I've done a complete memory allocator before [with overrun checks and "guard" pages, etc.]. The macro approach is what I used. And, if I had only one tool for this, it is the one I'd use. So, I recommend it above all else.
But, as I said, it can be used with the AC code as well.

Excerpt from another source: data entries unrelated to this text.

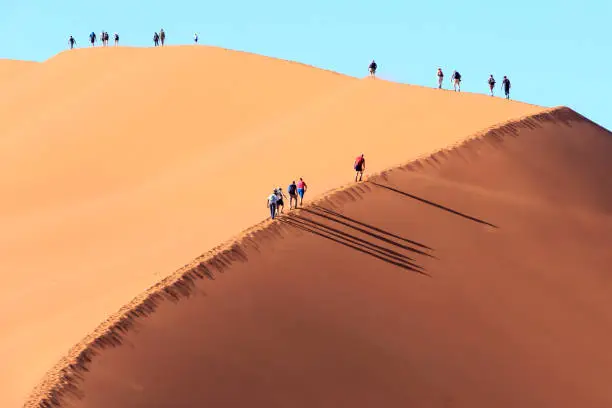 Photo of People climbing a dune in Sossusvlei Namibia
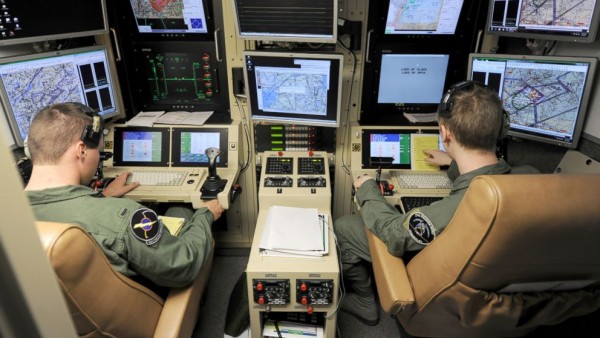 Drone "pilots" in their control room. A glorified video game where humans, as Wikileaks showed, become mere "bugs" to be "splattered." Where's the honor in all this? (ABC News)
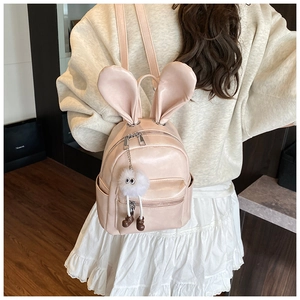 Detail of pink faux leather backpack with bunny ears and a plush eyeball charm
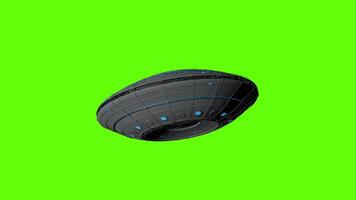 UFO flying round spaceship flying bottom up against green background. 3D animation video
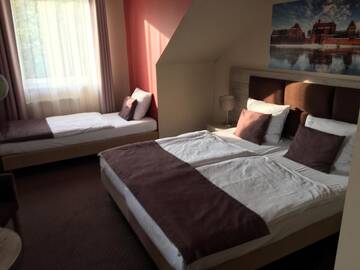Фото номера Семейный номер Делюкс Отель Hotel Piast w centrum г. Мальборк 4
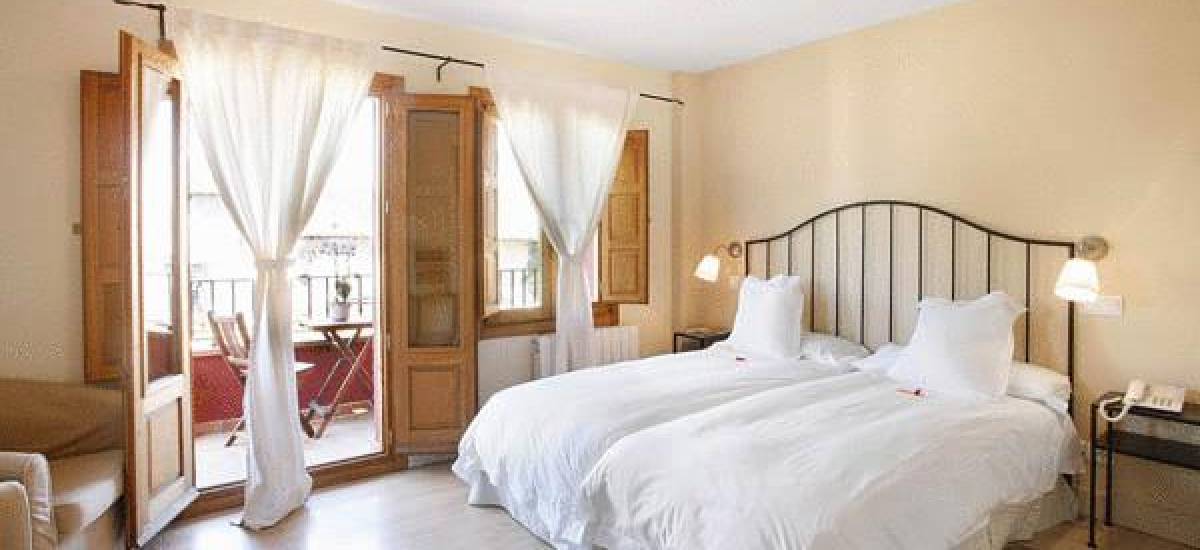 Rusticae Madrid Hotel Rincón de Traspalacio rural bedroom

Here's the header file for the macros:
// acbit/acptr.h -- alignment check macros
#ifndef _acbit_acptr_h_
#define _acbit_acptr_h_
#include <stdio.h>
typedef unsigned int u32;
// bit mask for given width
#define ACMSKOFWID(_wid) \
((1u << (_wid)) - 1)
#ifdef ACDEBUG2
#define ACPTR_MSK(_ptr,_msk) \
acptrchk(_ptr,_msk,__FILE__,__LINE__)
#else
#define ACPTR_MSK(_ptr,_msk) /**/
#endif
#define ACPTR_WID(_ptr,_wid) \
ACPTR_MSK(_ptr,(_wid) - 1)
#define ACPTR_TYPE(_ptr,_typ) \
ACPTR_WID(_ptr,sizeof(_typ))
// acptrfault -- pointer alignment fault
void
acptrfault(const void *ptr,const char *file,int lno);
// acptrchk -- check pointer for given alignment
static inline void
acptrchk(const void *ptr,u32 msk,const char *file,int lno)
{
#ifdef ACDEBUG2
#if ACDEBUG2 >= 2
printf("acptrchk: TRACE ptr=%p msk=%8.8X file='%s' lno=%d\n",
ptr,msk,file,lno);
#endif
if (((unsigned long) ptr) & msk)
acptrfault(ptr,file,lno);
#endif
}
#endif
Here's the "fault" handler function:
// acbit/acptr -- alignment check macros
#include <acbit/acptr.h>
#include <acbit/acbit.h>
#include <stdlib.h>
// acptrfault -- pointer alignment fault
void
acptrfault(const void *ptr,const char *file,int lno)
{
// NOTE: it's easy to set a breakpoint on this function
printf("acptrfault: pointer fault -- ptr=%p file='%s' lno=%d\n",
ptr,file,lno);
exit(1);
}
And, here's a sample program that uses them:
// acbit/acbit3 -- sample allocator using check macros
#include <acbit.h>
#include <acptr.h>
static double static_array[20];
// mymalloc3 -- allocation function
void *
mymalloc3(size_t len)
{
void *vp;
// get something valid
vp = static_array;
// do lots of stuff ...
printf("BEF vp=%p\n",vp);
// check pointer
// NOTE: these can be peppered after every [significant] calculation
ACPTR_TYPE(vp,double);
// do something bad ...
vp += 1;
printf("AFT vp=%p\n",vp);
// check again -- this should fault
ACPTR_TYPE(vp,double);
return vp;
}
int
main(void)
{
int x;
setlinebuf(stdout);
// minimum alignment from malloc is [usually] 8
intptr = mymalloc3(256);
x = *(int *) intptr;
return x;
}
Here's the program output:
BEF vp=0x601080
acptrchk: TRACE ptr=0x601080 msk=00000007 file='acbit/acbit3.c' lno=22
AFT vp=0x601081
acptrchk: TRACE ptr=0x601081 msk=00000007 file='acbit/acbit3.c' lno=29
acptrfault: pointer fault -- ptr=0x601081 file='acbit/acbit3.c' lno=29
I left off the AC code in this example. On your real target system, the dereference of intptr in main would/should fault on an alignment, but notice how much later that is in the execution timeline.